In embodiments, the change in characteristic comprises an increase in the amplitude of the periodic signal component. In this way, detection of the potential fault can be identified by determining that an element of the generator stator is deteriorating. As, for instance, a stator wedge wears further and becomes loosened in the stator, the magnetic flux between the bars of the rotor and the stator wedge increases, further increasing the vibrational noise of the potential fault. This therefore increases the amplitude of the periodic signal component.
In embodiments, the change in characteristic comprises the amplitude of the periodic signal reaching a threshold amplitude. In this way, it can be determined when the potential stator fault has reached a point where maintenance or repair may be necessary. For cost and operational reasons, it may only be necessary to repair a stator fault when the fault reaches a certain level. Further, some periodic signals may be present in the vibration signal received by a vibration sensor at the generator which does not indicate a fault until it reaches a certain threshold.

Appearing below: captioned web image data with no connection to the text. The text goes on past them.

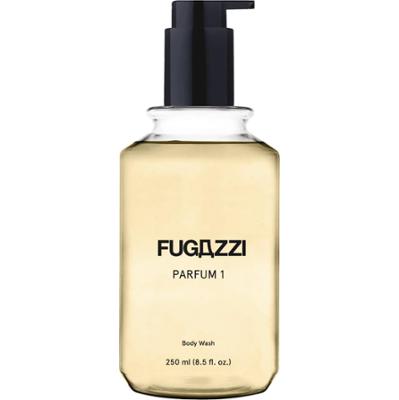 Fugazzi Parfum 1 Body Wash 250 ml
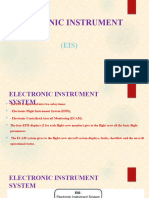 Electronic Instrument System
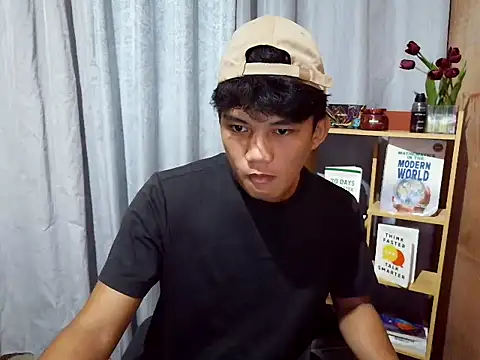 marksurelyhard online show from May 21, 2026, 4:10 am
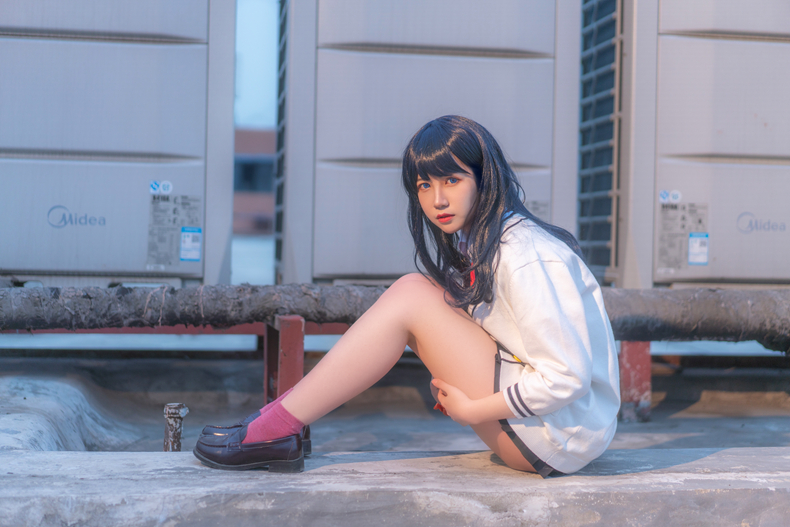 宝多六花 4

In alternative embodiments, the change in characteristic comprises an increase in amplitude relative to other periodic signal components in the vibration signal. In this way, it can be determined whether multiple periodic components in the vibration signal are increasing due to, for instance, the age of the generator, or degradation of a vibration sensor, or if the particular periodic component relative to the number of rotor bars is increasing or has increased at a greater rate. Due to the rotation of the rotor of the turbine, other components may be present in the vibration signal, and these components may increase in amplitude as the generator ages. By comparing the increase of the specific periodic signal component to the increase of all or some other components, it can be determined whether a stator fault is developing.

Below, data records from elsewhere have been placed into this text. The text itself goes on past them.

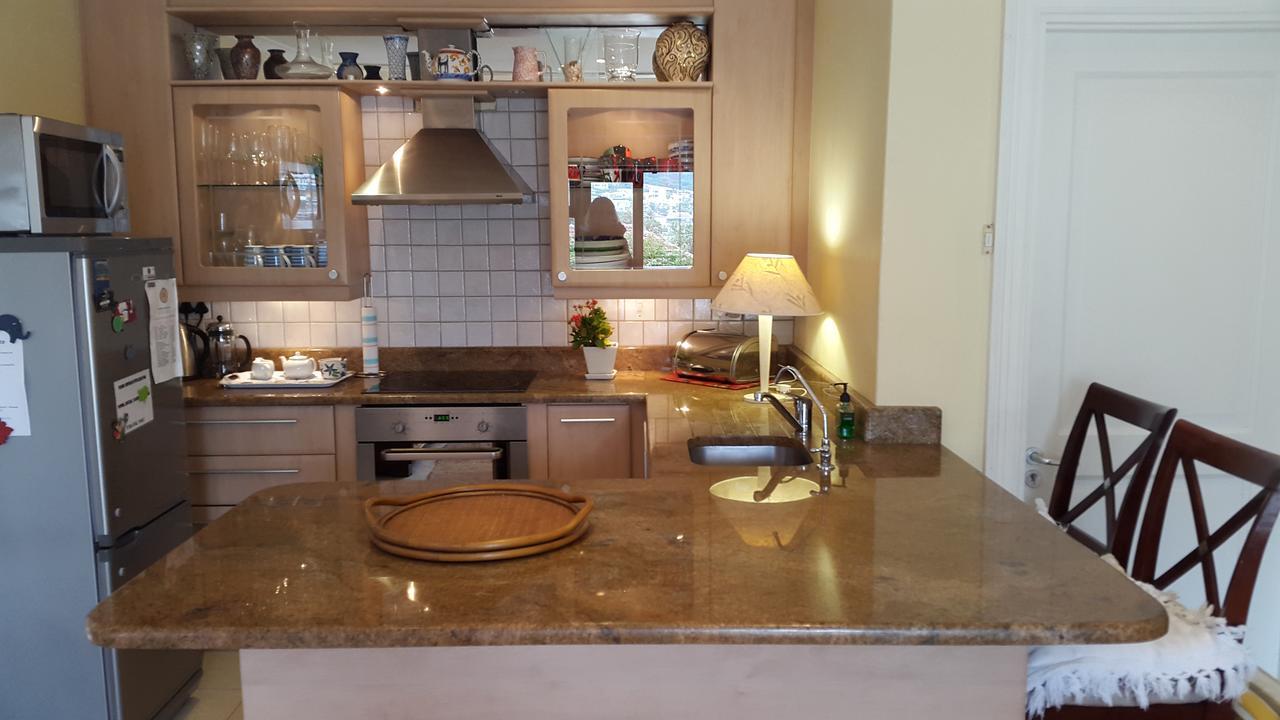 Sherwood Boutique Cottage Κέιπ Τάουν Εξωτερικό φωτογραφία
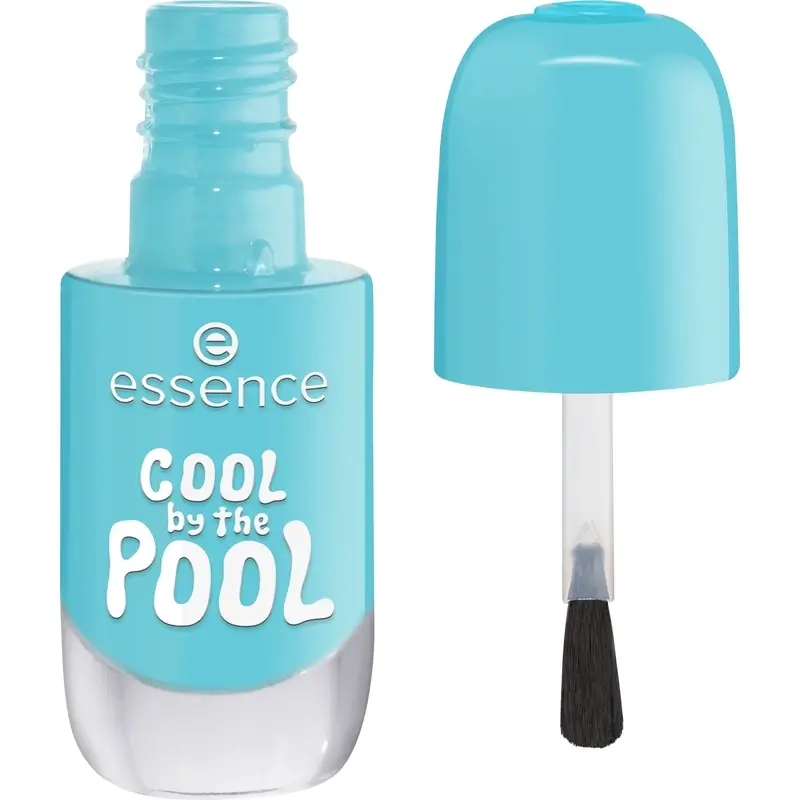 Essence Vernis à ongles gel 39, 8 ml - Image 2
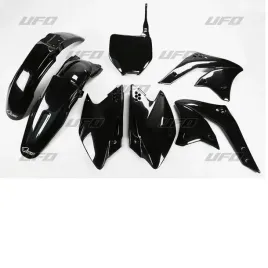 ufo-komplet-plastikow-kawasaki-kxf-250-08-kolor-czarny-ka210e001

In embodiments, the periodic signal component has a plurality of harmonic sub-components. The spinning of the rotor and the vibrations this induces may lead to further harmonic signals based on the periodic signal which are also indicative of a stator fault. These sub-components therefore can also be used to identify the potential stator fault.
In embodiments, identifying the periodic signal component comprises applying a frequency domain transform function to the vibration signal and identifying the periodic signal component within the transformed vibration signal. The use of a frequency transformation on the vibration signal allows for greater ease in identifying the periodic signal component, as the signal will present a peak at the expected frequency of the periodic signal component.

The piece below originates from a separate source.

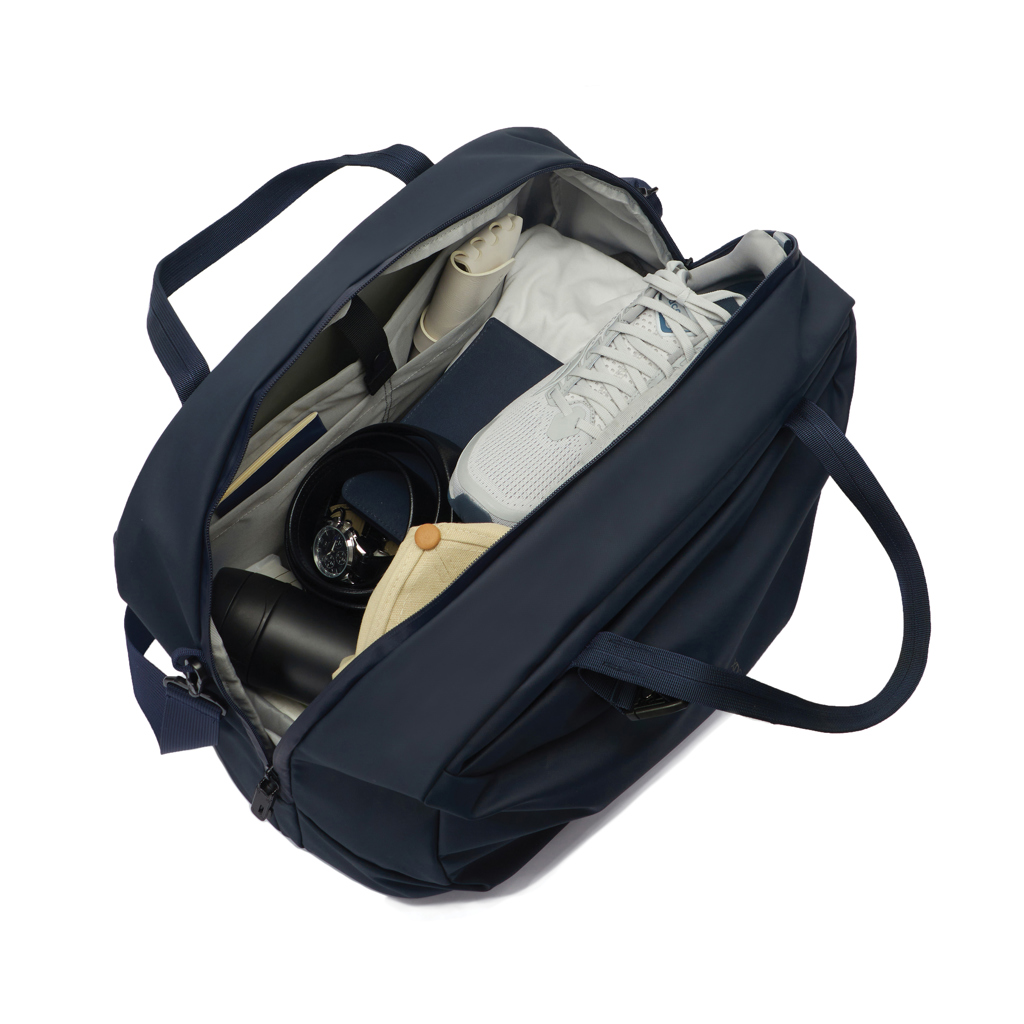 Bolsa fin de semana Urban resistente al agua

In embodiments, the audio sensor may be mounted outside a housing of the generator. In this way, installation, maintenance and replacement of the vibration sensor may be simplified. In particular, access to the vibration sensor does not require access to the internal mechanism of the wind turbine generator.
According to a third aspect of the present invention, a sensor for an early fault detection system in a wind turbine generator is provided, comprising a receiver for receiving a vibration signal produced by the generator, and a processor configured to identify in the vibration signal a periodic signal component related to the number of rotor bars of a rotor of the generator, and identify a potential fault in the stator of the generator based at least in part on a change in characteristic of the periodic signal.
In embodiments, the sensor for an early fault detection system in a wind turbine may be mounted outside a housing of the generator.
In embodiments, the sensor may be configured to carry out any of the above method steps.
Illustrative embodiments of the present invention will now be described with reference to the accompanying drawings in which:
Wind turbine electrical generators are particularly prone to failure. Machine forensics undertaken after failure indicate that the most common root causes stem from the mechanical stresses applied to components by the electromagnetic forces, static and cyclic loads, thermal loads and differential expansion forces generated during generator operation. A particularly common issue relates to the ejection of stator wedges and the subsequent failure of the associated stator slot assembly.
To explain the above in further detail,
In use, the generator's rotor is situated in the nacelle of the wind turbine and is driven by the turbine's rotor blades, thereby inducing a current in the stator windings 4 and 5. Over time, the wedge 1 may begin to loosen due to the mechanical stresses applied. As this loosening progresses further, the deterioration of the wedge structure accelerates. As the current induced in the stator windings 4 and 5 is dependent on the magnetic flux induced between each bar of the rotor and the stator, and the magnetic flux in turn is dependent on the proximity of the coils to the rotor and size and location of the wedge, the current induced in a stator coil with a worn wedge will be different to that induced in a stator coil with a non-worn wedge.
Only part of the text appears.